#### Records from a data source
____
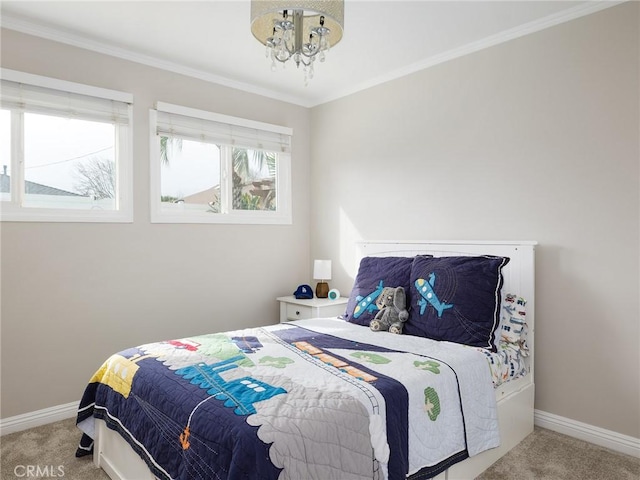 bedroom with baseboards, carpet flooring, and ornamental molding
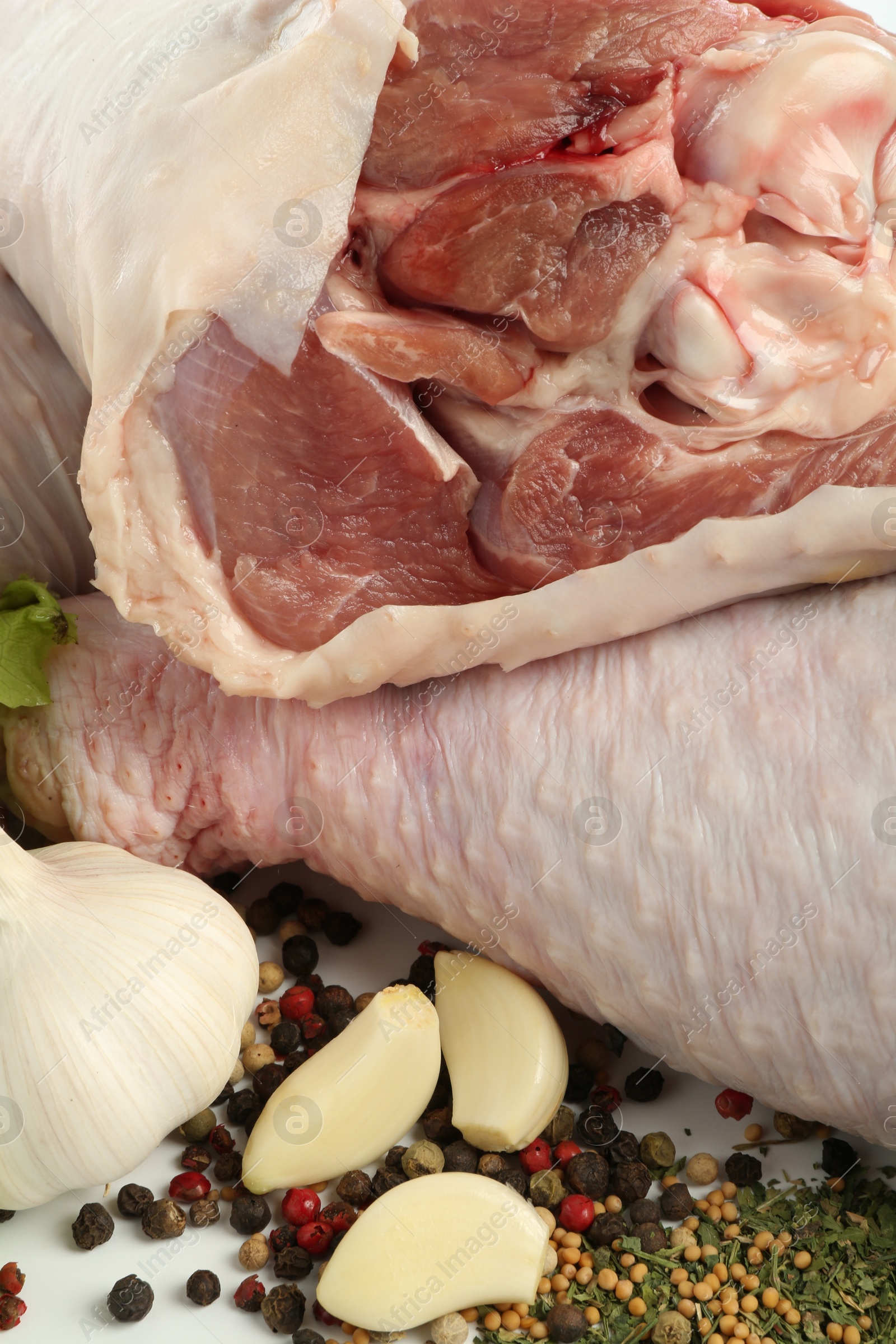 Photo of Raw turkey drumsticks and spices on table, closeup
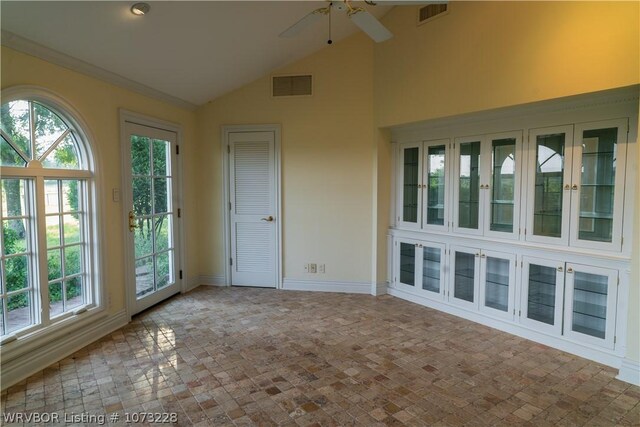 unfurnished sunroom featuring ceiling fan and lofted ceiling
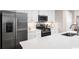 Modern kitchen featuring sleek appliances, ample counter space, and stylish cabinetry at 532 Ryegrass Way # 0029B, Murrells Inlet, SC 29576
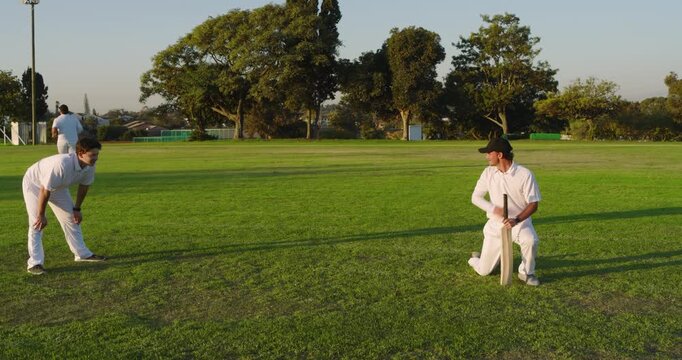 Bowler delivering red ball triggers male cricket team practicing sweep shots on pitch, copy space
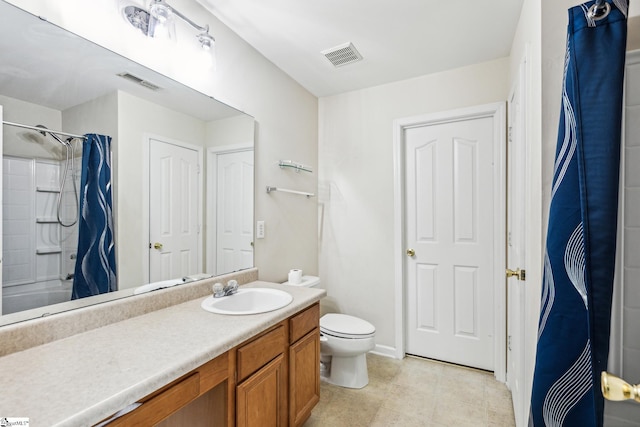 bathroom with curtained shower, vanity, and visible vents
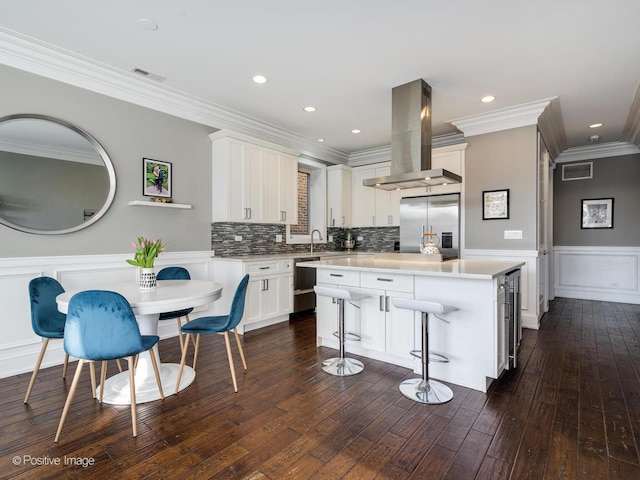 kitchen with island range hood, a kitchen island, white cabinets, light countertops, and appliances with stainless steel finishes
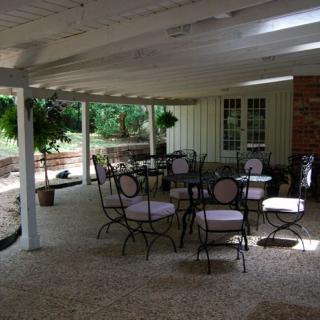 A quiet patio with outdoor seating under a covered area, surrounded by greenery.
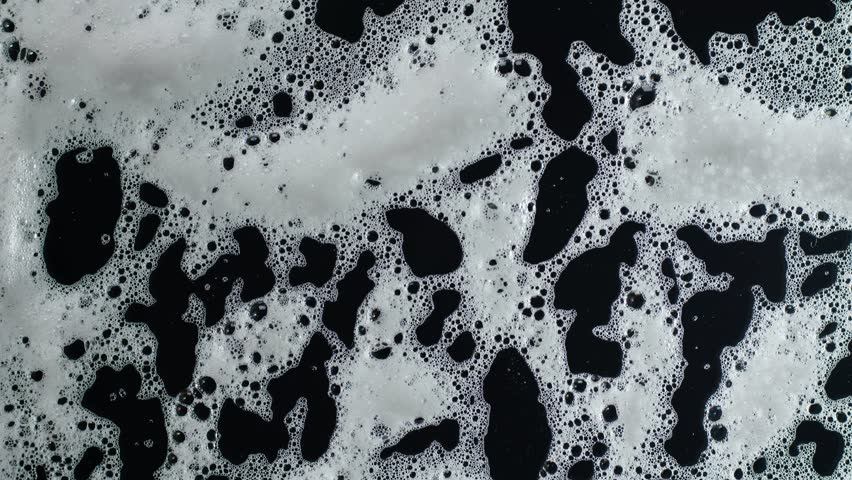 Soap foam moving in black background, natural shampoo white bubbles motion, slow motion, 8K downscale, 4K. Royalty-Free Stock Footage #1106987325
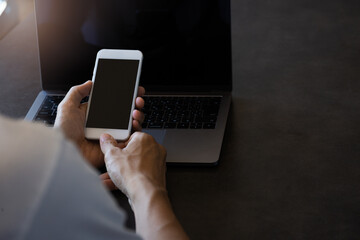 ノートパソコンの前でスマートフォンを操作する男性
____
Omitting all pictures, retype exactly the lines from the line containing "Photo of Raw" down to the last line above, both ends included.

 Photo of Raw turkey drumsticks and spices on table, closeup
 unfurnished sunroom featuring ceiling fan and lofted ceiling
 Modern kitchen featuring sleek appliances, ample counter space, and stylish cabinetry at 532 Ryegrass Way # 0029B, Murrells Inlet, SC 29576
 Bowler delivering red ball triggers male cricket team practicing sweep shots on pitch, copy space
 bathroom with curtained shower, vanity, and visible vents
 kitchen with island range hood, a kitchen island, white cabinets, light countertops, and appliances with stainless steel finishes
 A quiet patio with outdoor seating under a covered area, surrounded by greenery.
 Soap foam moving in black background, natural shampoo white bubbles motion, slow motion, 8K downscale, 4K. Royalty-Free Stock Footage #1106987325
 ノートパソコンの前でスマートフォンを操作する男性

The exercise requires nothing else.